==== SOURCE RECORDS ====

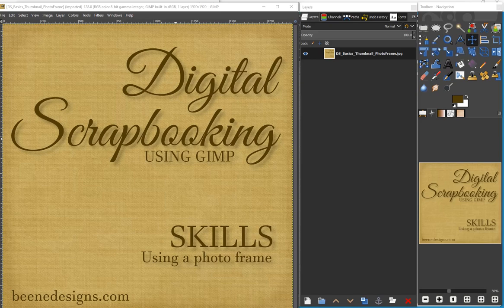I'm here with a short video in the digital scrapbooking using GIMP skills series. In this video I'm going to discuss the process of placing a photo inside a provided frame.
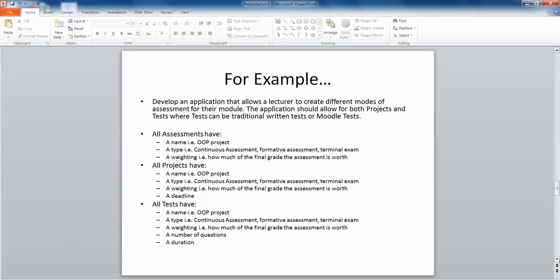The best way to understand this is via an example. We have an Assessment class where an assessment has a name, a type, and a weighting. A project has a name, type, weighting, and a deadline, while a test has a name, type, weighting, a number of questions, and a duration. Project and test have things in common but also things unique to each. When thinking about where inheritance makes sense, consider what's shared and what's unique to each subclass. A subclass can only inherit from one superclass, but a superclass can have multiple subclasses.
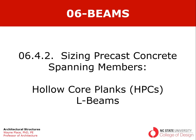Welcome to our second video on sizing precast concrete spanning members. This one focusing on hollow core planks used in conjunction with L-beams.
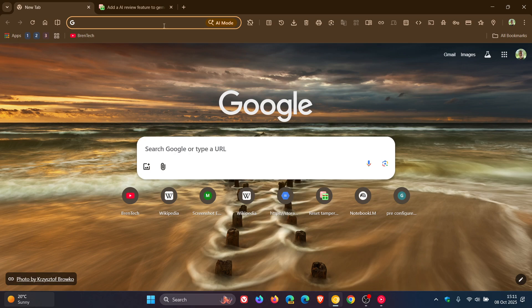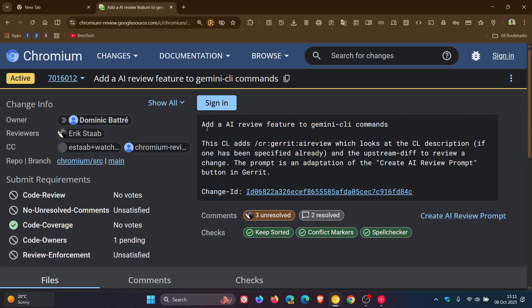Now if we head over to the patch, it just says add an AR review feature to Gemini CLR commands. So basically at the end of the day, Gemini then will scan the update and give the developers feedback.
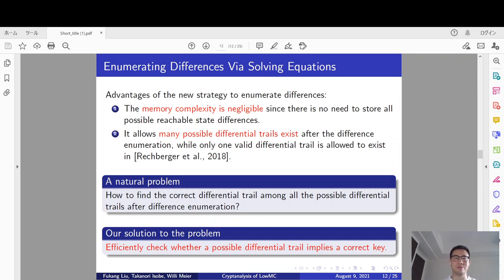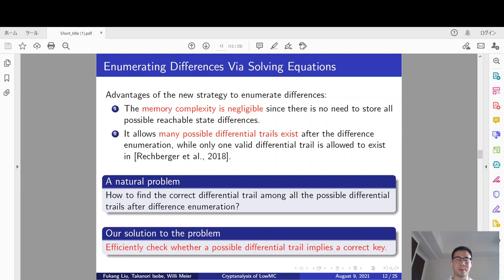Compared with the original difference enumeration attack, there are two advantages to using the new strategy. First, the memory complexity is negligible since there is no need to store all possible reachable state differences. Second, it allows many possible differential trails to exist after the difference enumeration phase, whereas only one valid differential trail was allowed in the original attack, so we can extend the number of attacked rounds. However, this also causes a problem: how to find the correct differential trail among all possible differential trails after difference enumeration.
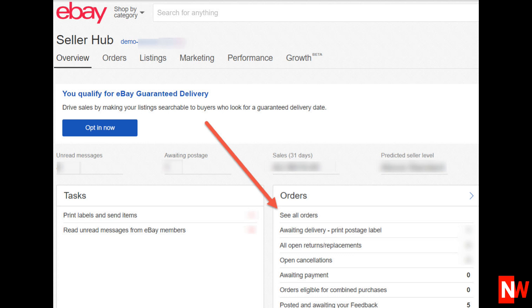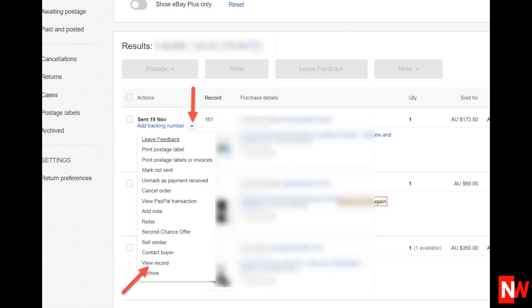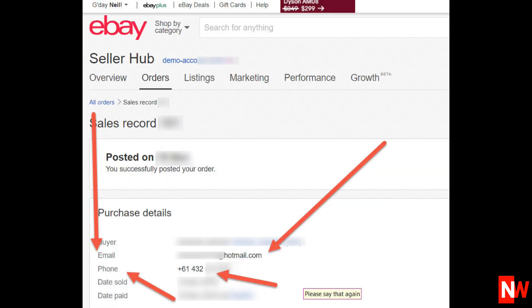Now, to the left of each of your orders, click the little down arrow and then select View Record. Now you should be able to see the customer's email address and also their phone number.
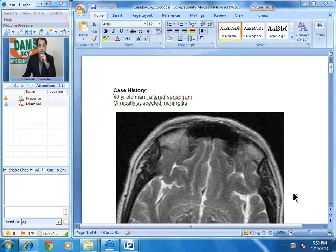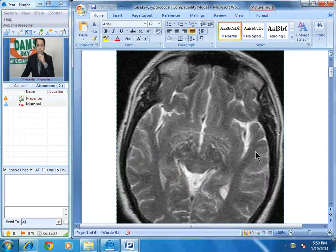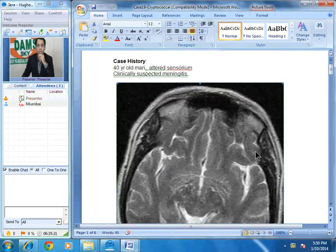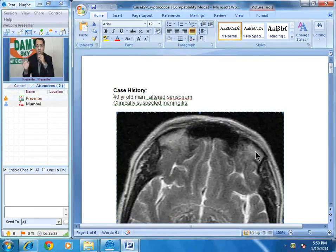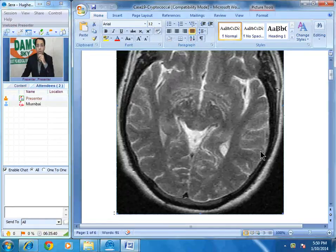Hello everybody. Today the case we are going to discuss is a unique case — a very uncommon but very characteristic finding. These are MRI images of the brain. The first image we are going to look at is an axial T2-weighted MRI brain image. Clinically, this patient presented with altered sensorium, with a suspicion of meningitis written on the requisition form.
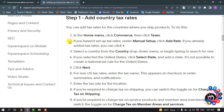If you haven't set up tax rates, under Manual Setup click Add Rate. If you already added tax rates, you can click the plus icon, select your country from the country drop-down menu, or begin typing to search for one.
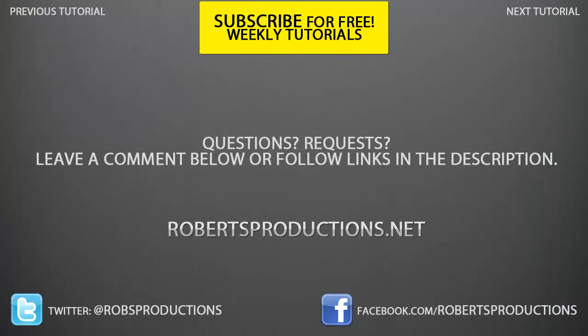So I hope this helped. Remember you can always visit the website robertsproductions.net for more tutorials just like this one and even subscribe to this channel for free weekly tutorials. Again, I hope this helped, thank you for watching, and until next time take care and I'll see you next time.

====

- _EXERCISE_
The lines above from the line with "Welcome to our" through the line with "Now if we head" are to be given again word for word, with no pictures among them.

- _ANSWER_
Welcome to our second video on sizing precast concrete spanning members. This one focusing on hollow core planks used in conjunction with L-beams.
Now if we head over to the patch, it just says add an AR review feature to Gemini CLR commands. So basically at the end of the day, Gemini then will scan the update and give the developers feedback.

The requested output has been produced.